Beim Streifzug durch 50 Jahre Kinderbuch "literarischen Generationenvertrag" geschlossen

Gabriele Hoffmann (r.) von "Leanders Leseladen" und die Schauspielerin Mira Müller stellten Kinderbücher vor. Foto: Kreutzer

Schriesheim/Altenbach. (keke) Manche Bücher müssen gekostet werden. Manche verschlingt man. Und nur einige wenige kaut man und verdaut sie ganz. Damit die gedruckte Sprache schon bei den allerjüngsten Leseratten zu einem persönlichen Herzton werden kann, nutzt Gabriele Hoffmann von "Leanders Leseladen" ihre alljährlich von Heike Lukhaup organisierte Vorstellung neuer und vor allem empfehlenswerter Kinder- und Jugendbücher zugleich zum Dialog mit interessierten Eltern.

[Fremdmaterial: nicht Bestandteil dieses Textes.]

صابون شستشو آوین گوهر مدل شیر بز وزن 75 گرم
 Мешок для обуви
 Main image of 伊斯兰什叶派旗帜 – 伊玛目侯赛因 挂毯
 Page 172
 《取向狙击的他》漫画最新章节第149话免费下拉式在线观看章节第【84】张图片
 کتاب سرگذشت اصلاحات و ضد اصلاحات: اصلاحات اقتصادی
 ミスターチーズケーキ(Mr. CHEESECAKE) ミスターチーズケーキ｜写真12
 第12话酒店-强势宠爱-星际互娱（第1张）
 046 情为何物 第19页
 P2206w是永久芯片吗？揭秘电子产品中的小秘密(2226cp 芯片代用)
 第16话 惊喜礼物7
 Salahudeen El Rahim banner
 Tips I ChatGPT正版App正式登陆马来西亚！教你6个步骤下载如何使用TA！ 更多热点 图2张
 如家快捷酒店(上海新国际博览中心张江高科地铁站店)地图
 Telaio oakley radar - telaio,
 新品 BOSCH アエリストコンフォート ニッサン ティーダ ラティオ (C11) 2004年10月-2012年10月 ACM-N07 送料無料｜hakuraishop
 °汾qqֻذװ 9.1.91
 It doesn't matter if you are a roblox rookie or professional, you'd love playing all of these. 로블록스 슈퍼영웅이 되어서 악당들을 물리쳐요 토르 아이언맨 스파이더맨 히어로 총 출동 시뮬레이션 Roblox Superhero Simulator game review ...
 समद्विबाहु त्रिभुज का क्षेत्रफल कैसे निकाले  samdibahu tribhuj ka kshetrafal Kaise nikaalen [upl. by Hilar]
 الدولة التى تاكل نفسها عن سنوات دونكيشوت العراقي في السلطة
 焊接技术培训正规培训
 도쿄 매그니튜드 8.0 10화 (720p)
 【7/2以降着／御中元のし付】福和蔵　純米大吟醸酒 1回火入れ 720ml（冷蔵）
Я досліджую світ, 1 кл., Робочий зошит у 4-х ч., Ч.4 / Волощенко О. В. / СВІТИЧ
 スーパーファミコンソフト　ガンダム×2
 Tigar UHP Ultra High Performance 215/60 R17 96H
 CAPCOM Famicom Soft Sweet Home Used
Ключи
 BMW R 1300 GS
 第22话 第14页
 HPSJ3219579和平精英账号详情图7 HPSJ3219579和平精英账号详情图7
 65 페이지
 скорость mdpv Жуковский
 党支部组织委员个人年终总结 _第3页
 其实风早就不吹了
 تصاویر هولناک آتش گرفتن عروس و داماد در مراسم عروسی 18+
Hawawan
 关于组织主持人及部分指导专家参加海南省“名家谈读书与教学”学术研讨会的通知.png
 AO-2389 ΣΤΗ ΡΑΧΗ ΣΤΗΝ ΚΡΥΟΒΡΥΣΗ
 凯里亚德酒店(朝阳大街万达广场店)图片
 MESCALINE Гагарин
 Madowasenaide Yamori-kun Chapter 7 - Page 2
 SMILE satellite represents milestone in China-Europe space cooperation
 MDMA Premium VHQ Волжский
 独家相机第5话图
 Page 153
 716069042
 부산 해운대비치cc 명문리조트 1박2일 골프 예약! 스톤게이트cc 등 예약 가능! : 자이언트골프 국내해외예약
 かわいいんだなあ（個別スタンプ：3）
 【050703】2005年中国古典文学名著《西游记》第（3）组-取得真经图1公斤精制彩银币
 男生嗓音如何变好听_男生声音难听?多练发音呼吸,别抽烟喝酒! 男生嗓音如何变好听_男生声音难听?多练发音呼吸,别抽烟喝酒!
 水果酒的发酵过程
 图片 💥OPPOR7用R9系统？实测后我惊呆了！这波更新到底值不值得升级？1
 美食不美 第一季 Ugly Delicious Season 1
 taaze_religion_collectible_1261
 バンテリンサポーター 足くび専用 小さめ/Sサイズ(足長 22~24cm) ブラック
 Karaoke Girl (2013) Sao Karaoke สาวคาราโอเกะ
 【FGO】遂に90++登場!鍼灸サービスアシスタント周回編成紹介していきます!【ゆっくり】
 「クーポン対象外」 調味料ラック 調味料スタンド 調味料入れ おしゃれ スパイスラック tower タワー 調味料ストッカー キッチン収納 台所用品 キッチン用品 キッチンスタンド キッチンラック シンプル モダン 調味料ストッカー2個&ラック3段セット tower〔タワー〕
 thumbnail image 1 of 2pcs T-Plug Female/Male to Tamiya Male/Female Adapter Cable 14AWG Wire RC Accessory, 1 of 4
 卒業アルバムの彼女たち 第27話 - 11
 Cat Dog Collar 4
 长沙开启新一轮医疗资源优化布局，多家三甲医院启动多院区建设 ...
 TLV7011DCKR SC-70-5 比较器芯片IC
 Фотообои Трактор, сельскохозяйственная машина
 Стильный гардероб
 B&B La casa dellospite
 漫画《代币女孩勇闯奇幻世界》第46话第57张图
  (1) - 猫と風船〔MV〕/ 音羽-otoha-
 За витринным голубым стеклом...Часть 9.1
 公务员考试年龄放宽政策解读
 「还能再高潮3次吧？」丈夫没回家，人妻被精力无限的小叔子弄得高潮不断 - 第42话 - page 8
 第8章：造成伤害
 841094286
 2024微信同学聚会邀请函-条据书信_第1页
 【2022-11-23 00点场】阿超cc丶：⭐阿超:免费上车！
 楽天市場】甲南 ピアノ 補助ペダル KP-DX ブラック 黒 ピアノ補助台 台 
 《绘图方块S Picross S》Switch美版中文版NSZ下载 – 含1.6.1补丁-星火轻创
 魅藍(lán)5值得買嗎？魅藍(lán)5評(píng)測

Die Gedanken und Ausführungen der diesjährigen Veranstaltung im Altenbacher Verwaltungszentrum standen dabei unter dem Aspekt des so genannten "Generationenvertrages". Hat sich doch auch bei den Werten innerhalb der Leselandschaft in den letzten 50 Jahren einiges nicht nur in Bezug auf Anstand und Moral verändert.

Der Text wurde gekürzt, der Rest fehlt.